His reputation kept Michael Bisping AND Chael Sonnen from talking pre-fight trash—a feat deserving of a UFC Hall of Fame plaque on its own. He was fearless in the cage, often covered in blood. And yet, you still wanted him to date your sister because you knew he would show up at the front door, clad in a suit and tie, with a bouquet of roses for your mom and a war story for you at the bar later.
We watched him grow. His first televised fight came at WEC 28, just his fourth fight as a professional. Stann gave MMA fans a rare glimpse into the evolution of a top fighter, from beginning to end. We watched the one-trick pony one-two punch his way to a WEC Light Heavyweight Championship. Later, he turned into a full-fledged martial artist in the UFC.
He walked away with a level of grace that’s tough to duplicate. A loss in a Fight of the Year candidate against Wanderlei Silva may have left a bitter taste in his mouth, but he went out guns blazing. Rarely do stories involving military service or combat sports come with a happy ending. His story is one of violence—some controlled with a referee and four-ounce gloves, some with an M-16 in a desert a hemisphere away. His story isn’t perfect, but it ended with the same grace he carried himself with throughout his MMA career. It’s a story with a lesson aspiring fighters should heed.
Duane Finley, FIGHT!’s Alright Guy
Where most fighters are remembered best for their highest profile victories, I believe the very essence of Brian Stann was on display during his defeat to Wanderlei Silva at UFC on Fuel TV 8. The Silver Star recipient dove headlong into the fray against one of the most feared strikers to ever compete in the sport—in Japan no less, a country where the former Pride Champion is heralded as a legend.

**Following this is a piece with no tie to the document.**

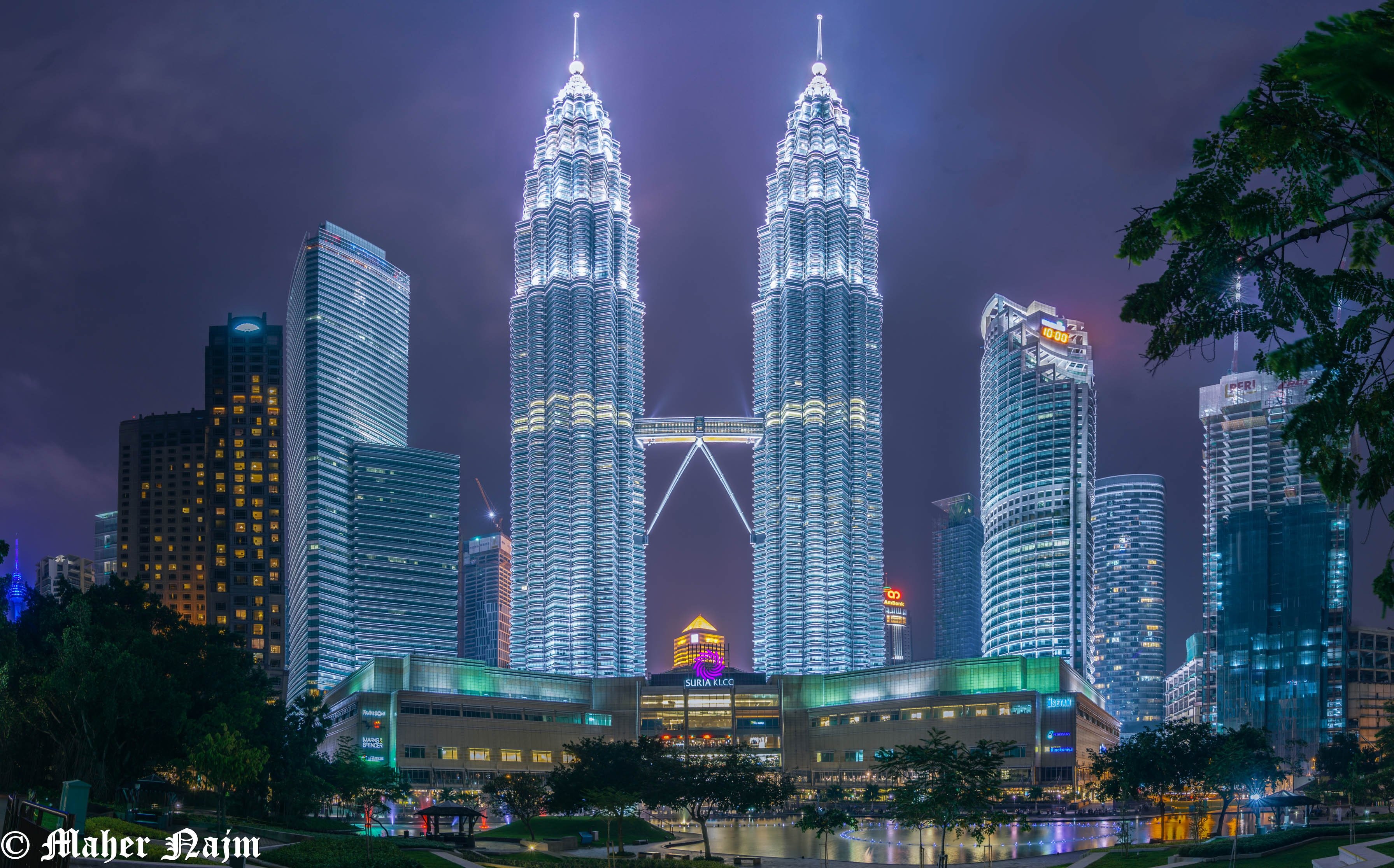 Petronas Towers free image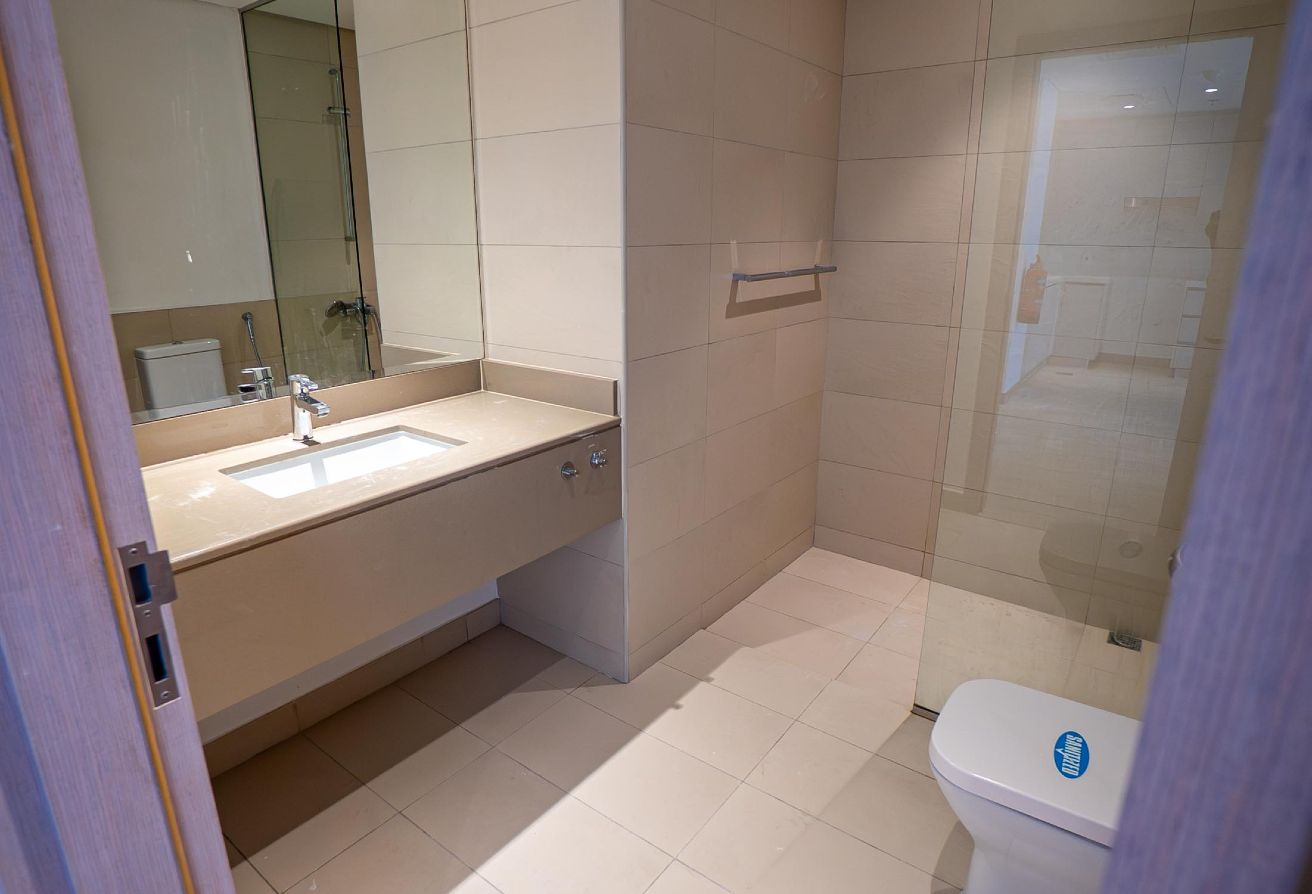 Waters Edge Yas Island 1 bedroom apartment with terrace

The bout came at an interesting time in the careers of both men. Stann was fading from the middleweight contender picture after dropping two of his last three showings, and Silva was looking to keep the pulse of his storied career alive. Where Stann was once a staple in the conversation of potential title contenders at 185-pounds, his loss to Michael Bisping at UFC 152 put those particular hopes on ice.
Coming into the bout with Silva, the former Marine understood what was on the line and knew that victory was a necessity for him to remain on the radar. As the younger, stronger fighter with an improved offensive wrestling game, Stann could have taken a technical approach against Silva by trying to put the “Axe Murderer” on the mat and playing the clock for three rounds.
While this approach is a common tactic used by fighters who are desperate for a win, it is simply not the way Stann does business. Shortly after the cage door closed, both fighters engaged in a heated firefight for the ages, as each man visited the deck on multiple occasions during the first round. The action eventually took a turn for the worse for Stann in the second round, and a heavy hook from Silva put him on the canvas for good.
In the aftermath of the loss, the Stann may have lamented his approach to the fight, but it doesn’t take anything away from what he gave inside the cage in Japan. Stann could have stalled, postured, and avoided Silva at all cost, but that wasn’t the test Stann was looking for. He threw caution to the wind and decided to challenge one of the most revered power punchers to ever strap on the gloves…in the center of the cage…in the hostile territory of the storied Saitama Super Arena.